Tulisan Mujiati dan tulisan ringkas Fisko memiliki kesamaan perhatian mengenai pentingnya peta desa yang memuat data spasial maupun data tekstual (yuridis). Peta desa tidak hanya diperlukan untuk memberi informasi mengenai batas wilayah desa, namun secara lebih dalam semestinya bisa digunakan untuk mengidentifikasi penguasaan-pemilikan tanah masyarakat, sehingga akan dapat diketahuai lebih lanjut ada-tidaknya tanah abseente di wilayah desa tersebut. Kebijakan lanjutan berupa landreform berangkat dari kesiapan peta desa tersebut. Pembuatan peta desa penting dilaksanakan secara partisipatif melibatkan masyarakat, baik sebagai penyupali informasi maupun pelaku pelaksana pembuatan peta dan identifikasi P4T.
Administrasi pertanahan mendapat porsi dalam kajian Priyo Katon Prasetyo mengenai pajak atas Bea Perolehan Hak Atas Tanah dan Bangunan di Magelang. Kebijakan desentralisasi kategori perpajakan ini masih menciptakan kondisi yang tidak sinergis antara pelaksana di pemerintahan kabupaten dengan pihak Pejabat Pembuat Akta Tanah (PPAT) dalam hal pemungutan pajak maupun penetuan Nilai Jual Objek Pajak (NJOP).

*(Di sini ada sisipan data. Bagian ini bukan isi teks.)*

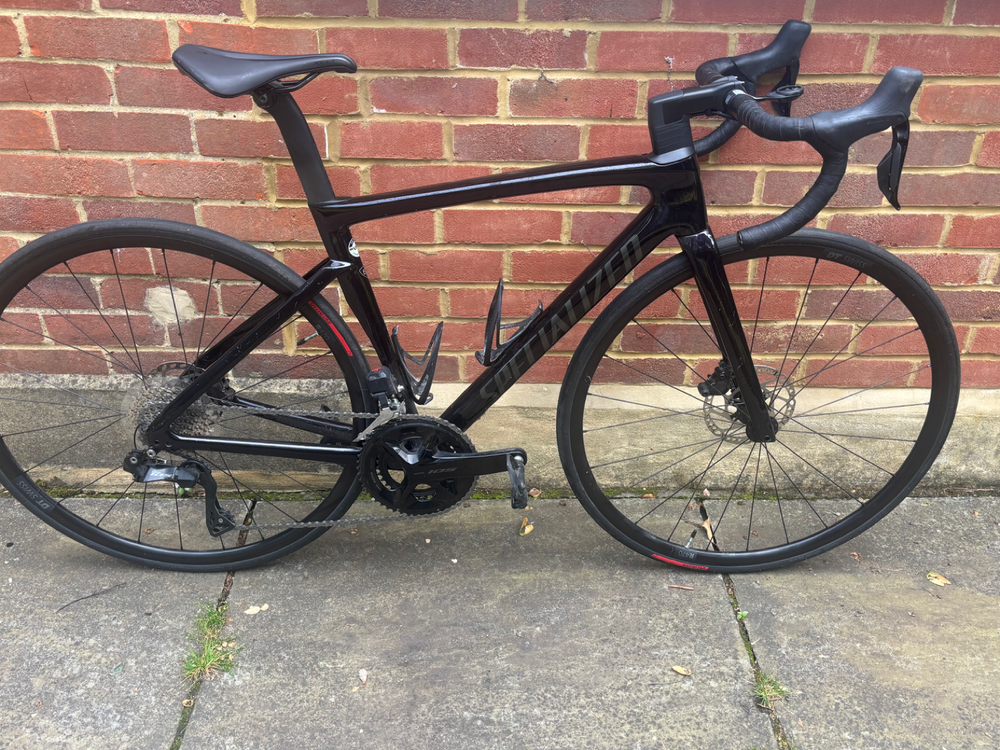 Specialized S-works Tarmac SL7 - Shimano Dura-Ace Di2 2023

Salah satu fungsi penataan ruang yang utama adalah pengendalian, ini sejalan dengan perubahan perspektif kebijakan lembaga pertanahan yang semula berbasis bidang menjadi berbasis kewilayahan (ruang). Model zonasi adalah salah satu kontrol yang bisa dilakukan dalam mempertahankan wilayah Kotagede Yogyakarta sebagai daerah preservasi budaya. Tulisan yang disajikan oleh Ayu Wahyuningtyas dan Westi Utami ini masih di luar kerangka politik (sesuatu yang semestinya muncul mengingat soal tata ruang adalah soal politik), untuk menguji misalnya keseimbangan antara arus perpindahan penduduk, pertumbuhan ekonomi dan pemenuhan kebutuhan sarana prasarana fisik dengan kebijakan dalam mempertahankan Kotagede sebagai preservasi budaya dimaksud.
Tinjauan teknik pertanahan melalui tulisan Kariyono, Eko Budi Wahyono dan Tanjung Nugroho menelaah bahwa penggunaan Jaringan Referensi Satelit Pertanahan (JRSP) dalam pelaksanaan rekonstruksi batas bidang tanah harus dioptimalkan lebih lanjut di Kementerian Agraria dan Tata Ruang/BPN.
Demikian yang dapat kami sajikan untuk para pembaca. Selamat menelaah.